Black slaves originated in Black Africa, when Blacks from other tribes captured, enslaved, and sold them to Muslim slave traders.  It was profitable commerce for many African tribal leaders.  Not only were millions sold to be sent to the Americas or Europe, but millions more were also sold to be sent to the Middle East.  In fact, the latter continued into the 20th century.

In America's South, there were literally thousands of Black slave owners — over 3,000 in New Orleans alone and many in the Carolinas.  Some became quite wealthy, such as an alleged Black slave owner in Louisiana reported to be the wealthiest person with the most slaves.


Image: Muslim slave traders in 19th-century Africa.  Public domain.

According to some Black historians and scholars, those Blacks who owned slaves treated them every bit as badly as White slave owners treated their slaves.  Besides slave owners, Blacks were also slave traders and bounty hunters of escaped slaves.

Five Native American tribes also owned Black slaves: Cherokee, Chickasaw, Choctaw, Creek, and Seminole.  Three tribes refused to emancipate their slaves following the Civil War and later had to be forced to when signing a treaty with the United States.  Today, many Black descendants of Cherokee slaves who became known as Freedmen have fought for equal status in the Cherokee nation because they can benefit from that connection.

None of the above facts denies or dismisses that America was a White-majority nation that, in some regions, legalized slavery.  What must be considered, however, is that races are not monolithic.  In other words, not everyone in any given race is good or bad, oppressed or oppressor.  To paint any entire race and every individual in that race as evil or oppressor is a grave error, both historically and racially.

The above facts simply and truthfully balance America's history with ancient and world histories wherein evil is present in all nations and all races historically.  Look at Africa, for instance.  Slavery and the slave trade remained legal well into the mid-twentieth century (and are still practiced covertly).  Slavery remains legal in much of the Islamic Middle East.  Look at Asia and some of the historic horrors against various ethnic groups that are well recorded.  America's history is a mixed bag of good and evil, as is the history of most nations and most people groups.

Importantly, children should never be taught to be ashamed of their color.  How can we forget Dr.
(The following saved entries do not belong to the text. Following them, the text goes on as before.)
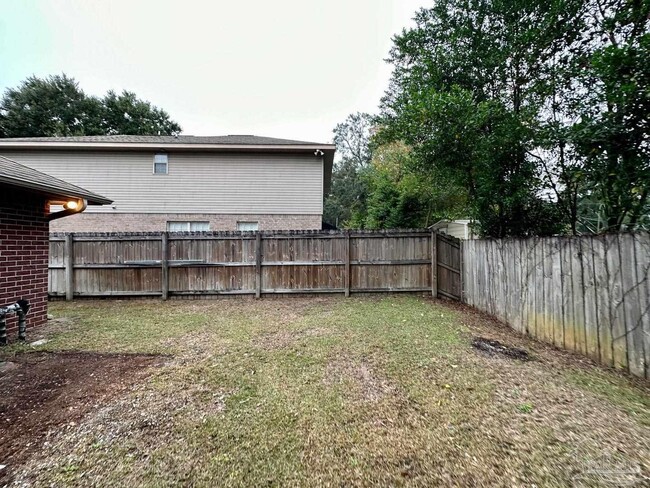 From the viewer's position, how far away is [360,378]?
2.92 meters

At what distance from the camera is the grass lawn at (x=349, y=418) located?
1.69 meters

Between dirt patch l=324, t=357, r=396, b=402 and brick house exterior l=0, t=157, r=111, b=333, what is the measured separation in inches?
190

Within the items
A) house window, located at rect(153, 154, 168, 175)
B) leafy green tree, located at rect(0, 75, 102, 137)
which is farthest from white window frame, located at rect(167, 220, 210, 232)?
leafy green tree, located at rect(0, 75, 102, 137)

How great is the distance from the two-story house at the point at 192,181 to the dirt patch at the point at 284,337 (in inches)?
235

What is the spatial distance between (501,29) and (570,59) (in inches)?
67.8

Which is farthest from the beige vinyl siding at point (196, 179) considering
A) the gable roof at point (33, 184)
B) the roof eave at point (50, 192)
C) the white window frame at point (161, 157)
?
the gable roof at point (33, 184)

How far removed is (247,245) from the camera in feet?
23.5

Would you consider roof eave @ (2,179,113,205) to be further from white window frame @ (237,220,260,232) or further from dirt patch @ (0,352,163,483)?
white window frame @ (237,220,260,232)

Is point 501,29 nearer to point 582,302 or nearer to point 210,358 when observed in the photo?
point 582,302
Martin Luther King, Jr.'s eloquent words relating to "content of character" mattering most?  As a nation that proclaims equality and has steadily worked toward ensuring it, we should not inculcate or indoctrinate children with false histories that abet and foment racial divisions, causing animosity or ill will.  We can assume that Black or Native American children would be shamed to learn that people sharing their race oppressed others.  Why do we impose that shame only on White children?

As mature and fair American adults, are we not responsible to teach children that good and evil come in different colors as they did in history?  Teaching accurate and balanced history will go a long way in ensuring children grow up to be united Americans, which is a worthy goal for us all.